No discurso em que atacou Moro, Bolsonaro reclamou da resistência do então ministro e disse que "não foi fácil" revogar a nomeação para o Conselho Nacional de Política Criminal e Penitenciária da cientista política Ilona Szabó, alvo dos apoiadores do presidente. Quando estava no cargo, Moro tratou a questão de uma maneira mais suave:
— O presidente me pediu educadamente que eu revisse a nomeação. [...] Eu entendi que o pedido era razoável — declarou, em abril de 2019, no programa Conversa com Bial, da TV Globo.
O alinhamento se estendeu a outros temas. Em fevereiro, o deputado federal Eduardo Bolsonaro (PSL-SP), filho do presidente, perguntou a opinião de Moro sobre medidas de combate a fake news, durante uma entrevista em seu canal no YouTube.
— Não vejo isso como sendo um grande problema atual. Acho que há um certo exagero em relação a isso — respondeu o ex-juiz.
Depois de deixar o cargo, Moro se disse vítima de ataques com base em notícias falsas: "Tenho visto uma campanha de fake news nas redes sociais e em grupos de WhatsApp para me desqualificar. Não me preocupo; já passei por isso durante e depois da Lava-Jato".

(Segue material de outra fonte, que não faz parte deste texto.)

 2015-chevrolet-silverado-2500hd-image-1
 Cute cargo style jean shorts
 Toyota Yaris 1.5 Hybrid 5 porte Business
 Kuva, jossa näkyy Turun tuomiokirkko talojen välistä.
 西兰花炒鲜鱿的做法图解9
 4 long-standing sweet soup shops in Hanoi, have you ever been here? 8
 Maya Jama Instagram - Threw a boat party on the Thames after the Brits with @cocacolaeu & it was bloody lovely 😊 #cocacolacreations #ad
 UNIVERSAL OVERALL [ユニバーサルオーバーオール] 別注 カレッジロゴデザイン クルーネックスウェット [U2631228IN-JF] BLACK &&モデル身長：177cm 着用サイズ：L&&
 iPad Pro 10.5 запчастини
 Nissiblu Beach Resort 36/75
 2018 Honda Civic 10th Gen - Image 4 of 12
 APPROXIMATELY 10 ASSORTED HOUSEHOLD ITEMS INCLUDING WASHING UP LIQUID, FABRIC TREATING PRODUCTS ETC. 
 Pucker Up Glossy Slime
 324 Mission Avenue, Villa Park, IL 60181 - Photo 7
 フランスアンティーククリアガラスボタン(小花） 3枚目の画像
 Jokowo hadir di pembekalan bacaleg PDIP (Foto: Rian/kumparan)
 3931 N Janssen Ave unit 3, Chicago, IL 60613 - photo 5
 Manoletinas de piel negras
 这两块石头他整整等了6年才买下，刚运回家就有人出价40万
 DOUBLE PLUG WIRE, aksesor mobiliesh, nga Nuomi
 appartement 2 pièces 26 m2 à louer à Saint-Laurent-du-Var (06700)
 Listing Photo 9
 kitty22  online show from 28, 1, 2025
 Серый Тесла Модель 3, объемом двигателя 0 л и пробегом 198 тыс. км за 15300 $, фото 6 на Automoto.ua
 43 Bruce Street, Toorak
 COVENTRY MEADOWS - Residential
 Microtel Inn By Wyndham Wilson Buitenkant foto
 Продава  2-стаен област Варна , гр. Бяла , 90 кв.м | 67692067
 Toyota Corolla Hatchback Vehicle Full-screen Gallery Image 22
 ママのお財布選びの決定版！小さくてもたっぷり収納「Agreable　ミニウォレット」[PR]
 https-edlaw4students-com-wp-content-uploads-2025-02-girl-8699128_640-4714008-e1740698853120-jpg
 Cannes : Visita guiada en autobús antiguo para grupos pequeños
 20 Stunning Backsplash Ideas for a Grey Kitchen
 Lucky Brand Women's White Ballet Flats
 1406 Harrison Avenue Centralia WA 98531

O então ministro também evitou fazer reparos à conduta de Bolsonaro na crise do coronavírus. Esse silêncio fez com que o presidente considerasse o auxiliar egoísta por não ecoar o discurso oficial do governo.
Nos bastidores, Moro dizia a aliados que estava insatisfeito com o comportamento do presidente, mas dava tímidas declarações de apoio ao superior. À Folha de S.Paulo, em março, ele disse que o governo tomava medidas contra a pandemia "sob orientação" do presidente. Quando os repórteres pediram que ele comentasse o comportamento de Bolsonaro, o ex-juiz ameaçou encerrar a entrevista.